The things that I like about Mapsearch.ch are:
1. -If you zoom in to zoom level 32, the train tracks really pop up visually.
2.- In the menus, under Points of Interest, then Traffic, you can turn on (or off) layers which show station stops. Mouse over them and the proper name appears. Then, you can use that name to search in the SBB ( or, in this case, in the Romandie, the French version of the initials - CFF) timetable. Works for bus stops. That is how I found the name of Station Usine de Gaz . If you click on the station icon, a near term brief timetable appears.
3.- Oddly enough, under Gastronomy, you can find also hotels and inns. You can get names.
That is helpful for finding accommodations near stations. And, with a name, you can search for the hotels' websites and reviews. Google maps makes that a bit easier, perhaps, but I like the quick visual display in Mapsearch.CH, which can be turned on and off.

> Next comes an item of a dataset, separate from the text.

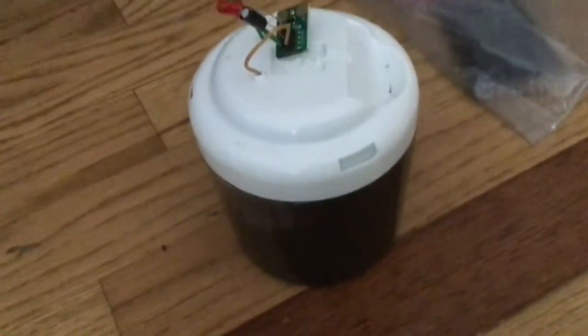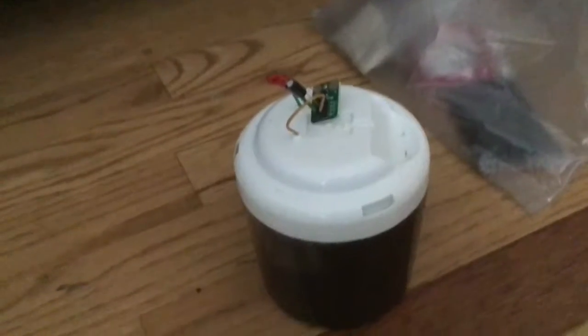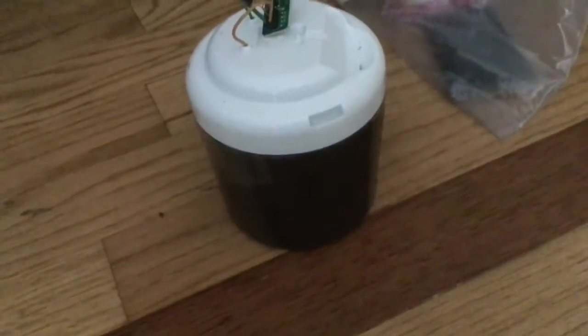This is a microbial fuel cell, and it generates electricity. It's powered by mud. First I put some mud at the bottom, and then I put a cathode, and then some more mud, and then an anode.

The problem with Mapsearch.CH is - no altitudes! Once you have traveled around Switzerland a bit, you'll note that walking is an acceptable form of public transportation, and that hills don't matter much to a Swiss walker. They do to my sore knees and the altitudes can really affect the weather. So I need altitudes.
The Switzerland Mobility (Schweiz Mobil) website can do that:
map.schweizmobil.ch/?lang=en&land=wanderlan d&route=all&bgLayer=pk &layers=Wanderland&sea son=summer&resolution= 2&E=2507675&N=1137492
My personal preference is the Swisstopo map ("geo.admin.ch map") from the Federal Land Office:
map.geo.admin.ch/?topic=ech&lang=en&bgLa yer=ch.swisstopo.pixel karte-farbe&layers=ch.bav.ha ltestellen-oev,ch.swisstopo.swiss tlm3d-wanderwege&layers_visi bility=true,false&E=25 07204.17&N=1137665.04& zoom=9
Perhaps a bit of overkill, but that map allows you to turn on many things. Hiking trails and transport stops are the ones that I use most often. The hiking trails are even color-coded for difficulty.
Either of those two show that he altitude near the train station is 403 meters, and the lake level is 373 meters above sea level.
So, if you wish to walk it, you can get a sense of the hill you have to climb.
Personally, without luggage, I'd walk it as 1960 man suggests. On the way back, if I were not in a hurry,I'd detour through the old town.